The new timeline for arrival is a sign that the Pentagon has determined the weapon is ready sooner than planned, Kristensen said.
He pointed out that the DoD Inspector General was expected to complete a review of the weapon’s performance ahead of training for air crews, either late this year or early next.
The Air Force conducted flight tests of the new bomb design on the F-35A in October 2021 and certified it on the F-15E in 2020. But the Pentagon reported in February that it planned to “complete nuclear design certification of the B61-12 with the F-35A before January 2023, after which the [U.S. Air Forces in Europe] will be able to start certification training.”

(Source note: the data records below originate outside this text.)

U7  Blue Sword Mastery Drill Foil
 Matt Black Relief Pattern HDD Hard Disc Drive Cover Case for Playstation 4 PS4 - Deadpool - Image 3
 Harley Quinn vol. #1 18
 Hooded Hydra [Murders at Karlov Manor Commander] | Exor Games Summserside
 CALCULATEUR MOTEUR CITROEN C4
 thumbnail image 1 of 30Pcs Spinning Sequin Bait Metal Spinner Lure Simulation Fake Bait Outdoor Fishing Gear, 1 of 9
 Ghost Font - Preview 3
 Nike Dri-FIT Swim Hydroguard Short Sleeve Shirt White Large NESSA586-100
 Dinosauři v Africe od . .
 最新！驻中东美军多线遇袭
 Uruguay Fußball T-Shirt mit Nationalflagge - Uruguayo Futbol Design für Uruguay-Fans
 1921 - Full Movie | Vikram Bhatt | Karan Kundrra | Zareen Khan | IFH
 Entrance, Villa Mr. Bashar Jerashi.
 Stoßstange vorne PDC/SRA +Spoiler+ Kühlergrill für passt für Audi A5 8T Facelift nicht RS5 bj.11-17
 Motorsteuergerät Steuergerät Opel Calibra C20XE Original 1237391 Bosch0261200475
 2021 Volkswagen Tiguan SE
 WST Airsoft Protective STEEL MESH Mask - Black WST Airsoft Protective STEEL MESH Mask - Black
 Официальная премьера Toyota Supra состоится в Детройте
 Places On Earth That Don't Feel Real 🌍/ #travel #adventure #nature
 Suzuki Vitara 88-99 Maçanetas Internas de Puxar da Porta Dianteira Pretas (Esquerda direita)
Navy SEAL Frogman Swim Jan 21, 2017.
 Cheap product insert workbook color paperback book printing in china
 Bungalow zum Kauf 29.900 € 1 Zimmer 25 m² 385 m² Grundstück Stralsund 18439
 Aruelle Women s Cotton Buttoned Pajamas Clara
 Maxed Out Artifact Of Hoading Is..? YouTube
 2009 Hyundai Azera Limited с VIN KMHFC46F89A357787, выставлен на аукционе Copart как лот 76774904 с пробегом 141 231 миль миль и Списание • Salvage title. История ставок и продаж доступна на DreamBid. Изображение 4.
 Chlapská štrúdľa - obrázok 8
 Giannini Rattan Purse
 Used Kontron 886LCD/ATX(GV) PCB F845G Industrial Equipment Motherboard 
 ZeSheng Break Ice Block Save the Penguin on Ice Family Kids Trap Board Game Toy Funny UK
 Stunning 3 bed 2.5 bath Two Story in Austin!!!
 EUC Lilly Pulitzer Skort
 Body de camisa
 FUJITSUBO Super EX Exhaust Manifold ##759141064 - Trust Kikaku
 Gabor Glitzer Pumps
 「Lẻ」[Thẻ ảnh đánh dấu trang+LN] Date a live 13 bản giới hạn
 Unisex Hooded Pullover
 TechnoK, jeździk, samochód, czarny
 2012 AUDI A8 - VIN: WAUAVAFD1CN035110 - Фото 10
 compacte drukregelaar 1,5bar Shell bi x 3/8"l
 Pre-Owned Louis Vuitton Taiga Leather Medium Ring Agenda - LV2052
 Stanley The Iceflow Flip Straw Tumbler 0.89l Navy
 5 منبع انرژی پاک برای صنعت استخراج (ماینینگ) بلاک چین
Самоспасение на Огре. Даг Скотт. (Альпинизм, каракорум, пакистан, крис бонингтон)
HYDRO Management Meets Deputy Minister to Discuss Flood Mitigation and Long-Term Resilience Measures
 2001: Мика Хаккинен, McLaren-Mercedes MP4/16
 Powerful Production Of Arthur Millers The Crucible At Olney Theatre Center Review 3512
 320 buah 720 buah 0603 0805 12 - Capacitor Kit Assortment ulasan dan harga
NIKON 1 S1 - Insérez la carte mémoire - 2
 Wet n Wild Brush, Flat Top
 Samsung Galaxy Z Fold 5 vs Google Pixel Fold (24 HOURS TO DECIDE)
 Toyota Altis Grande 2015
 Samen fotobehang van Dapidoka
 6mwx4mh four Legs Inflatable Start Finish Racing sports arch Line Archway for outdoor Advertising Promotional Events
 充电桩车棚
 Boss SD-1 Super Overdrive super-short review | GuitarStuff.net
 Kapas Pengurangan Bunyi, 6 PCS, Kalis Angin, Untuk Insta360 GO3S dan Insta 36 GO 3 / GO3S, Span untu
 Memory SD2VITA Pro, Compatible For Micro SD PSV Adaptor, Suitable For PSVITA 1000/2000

“I thought those two things were going to happen before you saw the physical arrival,” Kristensen said.
Defense Secretary Lloyd Austin also told NATO allies in Brussels this month that the administration’s long-awaited Nuclear Posture Review — which could be released in the coming days — would maintain Washington’s decades-long nuclear declaratory policy of “calculated ambiguity,” the cable reported.
That is a shift from President Joe Biden’s comments during the 2020 presidential campaign, in which he said he would consider changing U.S. policy to state that the sole purpose of atomic weapons is to deter a nuclear attack against America or its allies, a change that nuclear disarmament groups had pushed for.
The administration has since walked those comments back. But Austin’s assurance to European allies that U.S. nuclear declarative policy will remain unchanged comes as capitals on the continent are looking for a steady hand in Washington to confront nuclear-armed Russia and China.
James Acton, co-director of the Nuclear Policy Program at the Carnegie Endowment for International Peace, said Biden’s “sole purpose” comments during the campaign rippled across Europe, and “there was a big campaign by U.S. allies to convince him not to do so and that campaign was successful.”
During the Brussels meetings, Austin also informed allies that the review would support the full modernization of the U.S. nuclear triad, while retiring the B83 gravity bomb and ending the nuclear sea-launched cruise missiles program started by the Trump administration.
But lawmakers oppose halting the cruise missile program and will likely continue funding it in upcoming defense policy legislation.